Die Regierung in Peru bleibt hart

PROTESTE Zehntausende Demonstranten fordern die Rücknahme der Umweltgesetze von Präsident Alan García – dabei kommt es in Lima zu Zusammenstößen mit der Polizei

Sieben Abgeordnete der Opposition wurden vom Kongress für 120 Tage von ihren Mandaten suspendiert

VON JÜRGEN VOGT

BUENOS AIRES taz | „La Selva no se vende“ – „Der Urwald wird nicht verkauft!“, skandierten am Donnerstag Demonstranten in Peru. Zehntausende Menschen gingen für die Unterstützung der indigenen Völker in der Amazonasregion auf die Straße. Gleichzeitig protestierten sie gegen die Regierungspolitik von Präsident Alan García. Auf Transparenten mit der Aufschrift „García-Asesino“ (García-Mörder) machten sie den Staatschef für die Eskalation der Gewalt verantwortlich.

Zu den Protestmärschen hatten indigene Organisationen, Gewerkschaften und Studentenverbände aufgerufen. Während die Proteste vielerorts friedlich verliefen, war es in Lima zu Auseinandersetzungen zwischen Demonstranten und der Polizei gekommen. Die Polizei hatte zunächst die Straßen zum Regierungspalast abgesperrt. Als der Demonstrationszug daraufhin vor das Parlamentsgebäude ziehen wollte, wurden auch dort die Zugänge abgeriegelt. Zu den kurzen und heftigen Ausschreitungen kam es, nachdem Demonstrationsteilnehmer versucht hatten, die Absperrungen der Polizei zu überwinden, um vor den Kongress zu marschieren. Die Polizei setzte Tränengas ein, Demonstranten warfen Steine und Molotowcocktails.

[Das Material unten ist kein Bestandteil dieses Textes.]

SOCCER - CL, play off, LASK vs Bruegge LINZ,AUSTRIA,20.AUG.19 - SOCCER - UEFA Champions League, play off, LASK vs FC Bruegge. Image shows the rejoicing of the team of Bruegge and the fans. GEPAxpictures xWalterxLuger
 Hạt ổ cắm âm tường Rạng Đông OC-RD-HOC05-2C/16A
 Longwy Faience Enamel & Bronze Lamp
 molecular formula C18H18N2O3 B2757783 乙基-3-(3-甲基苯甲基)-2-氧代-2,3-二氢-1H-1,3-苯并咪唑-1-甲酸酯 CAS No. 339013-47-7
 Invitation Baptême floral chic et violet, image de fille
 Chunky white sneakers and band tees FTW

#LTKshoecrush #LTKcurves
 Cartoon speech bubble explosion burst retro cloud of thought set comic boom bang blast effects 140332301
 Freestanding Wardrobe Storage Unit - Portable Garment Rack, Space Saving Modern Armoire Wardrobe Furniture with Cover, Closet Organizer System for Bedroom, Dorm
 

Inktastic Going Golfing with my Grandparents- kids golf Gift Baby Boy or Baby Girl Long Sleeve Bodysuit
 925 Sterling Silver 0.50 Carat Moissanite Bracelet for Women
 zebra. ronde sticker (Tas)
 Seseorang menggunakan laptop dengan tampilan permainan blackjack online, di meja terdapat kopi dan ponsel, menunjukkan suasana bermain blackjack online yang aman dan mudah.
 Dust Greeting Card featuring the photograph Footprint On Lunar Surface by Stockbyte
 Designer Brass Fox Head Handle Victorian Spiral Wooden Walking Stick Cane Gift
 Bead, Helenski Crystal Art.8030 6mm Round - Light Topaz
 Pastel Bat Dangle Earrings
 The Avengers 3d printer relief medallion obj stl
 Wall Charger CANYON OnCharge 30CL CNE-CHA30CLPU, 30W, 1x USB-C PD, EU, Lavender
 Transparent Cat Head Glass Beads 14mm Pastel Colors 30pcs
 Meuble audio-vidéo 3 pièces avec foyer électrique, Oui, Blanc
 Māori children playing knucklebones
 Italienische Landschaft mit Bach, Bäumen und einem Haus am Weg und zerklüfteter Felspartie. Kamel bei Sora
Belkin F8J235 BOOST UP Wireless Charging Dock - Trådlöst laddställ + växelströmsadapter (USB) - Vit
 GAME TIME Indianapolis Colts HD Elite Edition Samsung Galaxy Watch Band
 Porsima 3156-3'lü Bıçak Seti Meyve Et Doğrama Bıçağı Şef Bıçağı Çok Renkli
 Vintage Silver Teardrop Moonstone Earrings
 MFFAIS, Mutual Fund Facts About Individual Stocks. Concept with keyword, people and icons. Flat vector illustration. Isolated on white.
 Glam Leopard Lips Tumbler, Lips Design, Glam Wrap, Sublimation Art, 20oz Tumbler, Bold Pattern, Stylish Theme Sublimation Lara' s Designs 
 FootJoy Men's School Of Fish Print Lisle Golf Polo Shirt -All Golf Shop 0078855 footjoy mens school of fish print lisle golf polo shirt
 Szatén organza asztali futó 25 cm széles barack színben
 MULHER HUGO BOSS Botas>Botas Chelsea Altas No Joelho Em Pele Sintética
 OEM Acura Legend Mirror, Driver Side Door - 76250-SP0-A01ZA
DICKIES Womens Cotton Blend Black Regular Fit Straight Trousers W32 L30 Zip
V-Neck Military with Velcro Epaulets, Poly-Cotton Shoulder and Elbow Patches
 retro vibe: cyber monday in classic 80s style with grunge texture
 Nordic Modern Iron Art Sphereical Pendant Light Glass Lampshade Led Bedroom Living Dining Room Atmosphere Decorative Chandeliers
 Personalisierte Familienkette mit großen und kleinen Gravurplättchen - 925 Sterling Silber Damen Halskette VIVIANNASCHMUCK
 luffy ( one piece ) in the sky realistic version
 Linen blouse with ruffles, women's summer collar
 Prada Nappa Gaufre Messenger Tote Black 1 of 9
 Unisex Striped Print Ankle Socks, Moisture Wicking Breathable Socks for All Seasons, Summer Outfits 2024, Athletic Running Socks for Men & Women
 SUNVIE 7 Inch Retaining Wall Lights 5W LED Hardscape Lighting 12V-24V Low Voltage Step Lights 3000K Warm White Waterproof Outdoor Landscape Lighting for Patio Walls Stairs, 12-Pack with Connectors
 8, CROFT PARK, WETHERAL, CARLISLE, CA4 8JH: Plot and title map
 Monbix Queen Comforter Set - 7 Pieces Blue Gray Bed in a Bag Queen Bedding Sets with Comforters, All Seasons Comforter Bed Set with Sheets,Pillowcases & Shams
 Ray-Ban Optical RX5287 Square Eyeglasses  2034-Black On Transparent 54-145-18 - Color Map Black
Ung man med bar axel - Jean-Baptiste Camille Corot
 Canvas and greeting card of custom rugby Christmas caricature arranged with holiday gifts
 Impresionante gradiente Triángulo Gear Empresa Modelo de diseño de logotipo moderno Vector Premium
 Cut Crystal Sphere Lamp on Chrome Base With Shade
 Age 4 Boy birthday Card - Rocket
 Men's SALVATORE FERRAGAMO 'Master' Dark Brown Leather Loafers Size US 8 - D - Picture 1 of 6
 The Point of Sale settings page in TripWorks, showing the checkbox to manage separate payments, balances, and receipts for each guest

Der Kongress hatte am Mittwoch in einer außerordentlichen Sitzung zwei umstrittene Gesetzesdekrete außer Kraft gesetzt, darunter das Gesetz für den Wald und die Tierwelt des Waldes. In einer turbulenten Sitzung entschied sich das Einkammerparlament für die unbefristete Aussetzung der Dekrete. Der Antrag der oppositionellen Nationalpartei auf die Annullierung der Erlasse wurde mit der Stimmenmehrheit der Regierungspartei von Präsident Alan García und den Abgeordneten der Partei des früheren Präsidenten Alberto Fujimori erst gar nicht zur Abstimmung zugelassen.

Nach einer Protestaktion der Opposition wurden sieben Abgeordnete von der Kongressmehrheit für 120 Tage von ihren Mandaten suspendiert. Als „einen Staatsstreich gegen den Kongress“ bezeichnete die Abgeordnete Juana Huancahuari das Vorgehen der Regierungspartei. Derweil gab sich Staatspräsident Alan García unnachgiebig. „Die Politiker haben es mit extremistischen Formulierungen geschafft, die Bewohner des Urwaldes zu benutzen.“ Die Teilnehmer der Demonstrationen sowie die Ureinwohner und ihre Organisationen fordern jedoch die vollständige Aufhebung der Gesetze sowie neun weiterer Dekrete. Denn mit ihnen soll internationalen Bergbau- und Erdölfirmen der Zugang zu den Bodenschätzen in der Amazonasregion erleichtert werden. Den dort lebenden Ureinwohnern droht die Zerstörung ihres Lebensraumes.

Das Gesetzespaket war Mitte vergangenen Jahres beschlossen worden. Das Waldgesetz war dann einer der Auslöser der Proteste, die bereits im April begonnen hatten, jedoch am letzten Wochenende blutig eskalierten. Dabei wurden nach offiziellen Angaben 33 Menschen getötet, darunter 24 Polizisten. Indianerorganisationen gehen jedoch von mindestens 25 getöteten Ureinwohnern aus.

Vertreter der indigenen Dachorganisation Interethnische Vereinigung für die Entwicklung des Regenwalds (Aidesep) forderten zudem Neuwahlen und die Bildung einer verfassunggebenden Versammlung. Diese soll, entsprechend dem Vorbild Bolivien, eine neue Verfassung ausarbeiten.